Household Drama

I am unhappy with some of the things I see in Will’s normal play. He is attached to his harmonica these days (he carries it everywhere) and in play, will jab it in the air and at our legs. I think this borders on aggression and it bothers me.

More upsetting to me is how Will can physically act out when frustrated. With Paul now suddenly gone, Will has gotten even more attached to me. He is great with Kate, but clearly feels the change of no longer being the only center to our child universe. The number of time outs has increased, as have Will’s tantrums, requests for binky, and things that I feel are aggressive in his actions.

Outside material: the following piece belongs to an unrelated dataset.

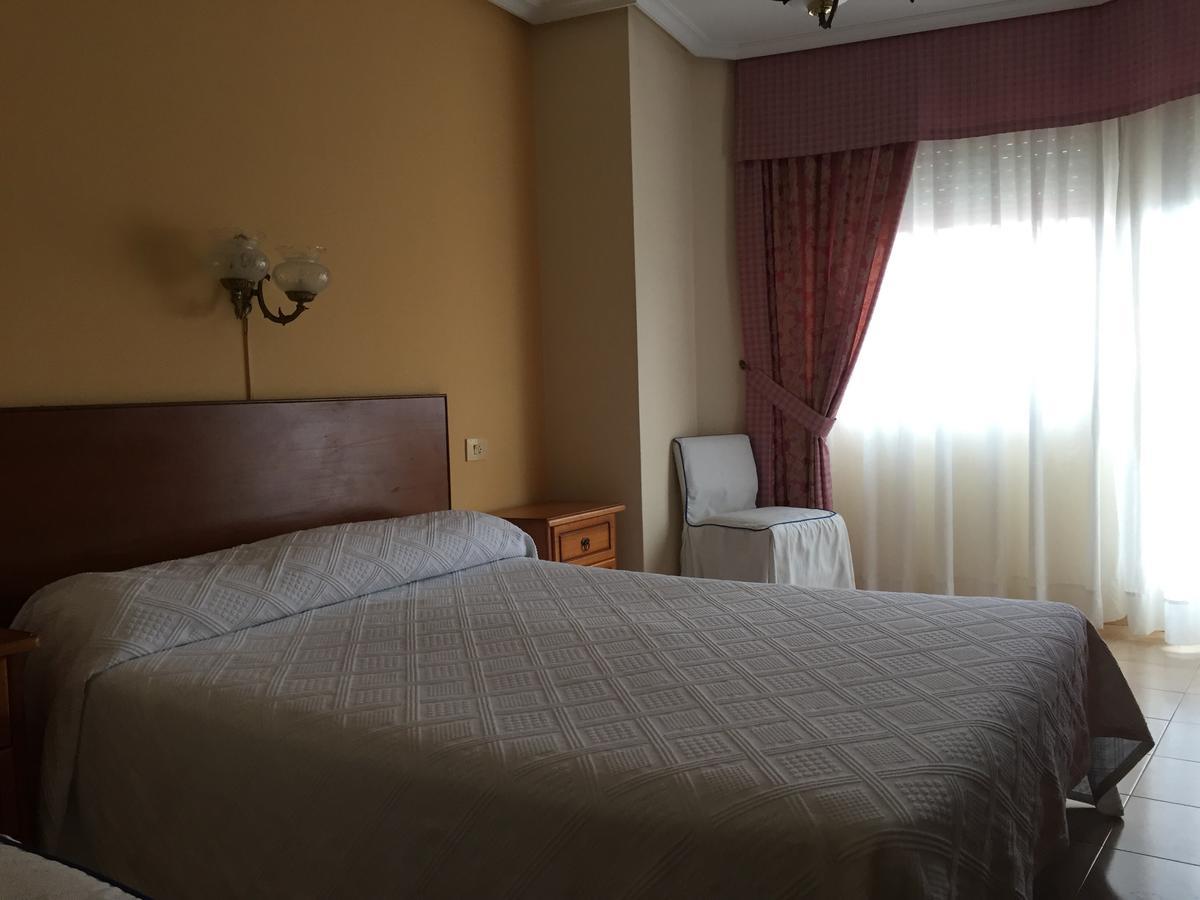 Hotel Restaurante Derby 카발리노 외부 사진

We are very clear on how we feel about aggressive acts: they are scary, dangerous, mean-spirited, and not acceptable. When other kids have engaged in this type of play around Will, we’ve taken time to explain how we feel about them and have been proud to report that he routinely walks away from this type of play with other kids. Since coming to Mobile, Will’s television and movie time has increased greatly. In particular, he’s had exposure to things that are new to him: movies. So, my thought is that maybe we are sending mixed messages. Peter Pan and Captain Hook spar off with each other, Buzz Lightyear and Woody have physical fights and are still friends … so maybe he’s learning that these things are okay. Following this train of thought, I figure that we should cut these things out for a few years. Not forever, but just until he’s a little older and we can explain things better.

So, my question: is this a reasonable approach? Or I am living in a dream world?

Further: by suggesting that we cut these things, I’ve stepped on some family toes. (Granted, I haven’t been the most diplomatic in my mode of discussion.) Is suggesting a change in the current mode of operation an insult?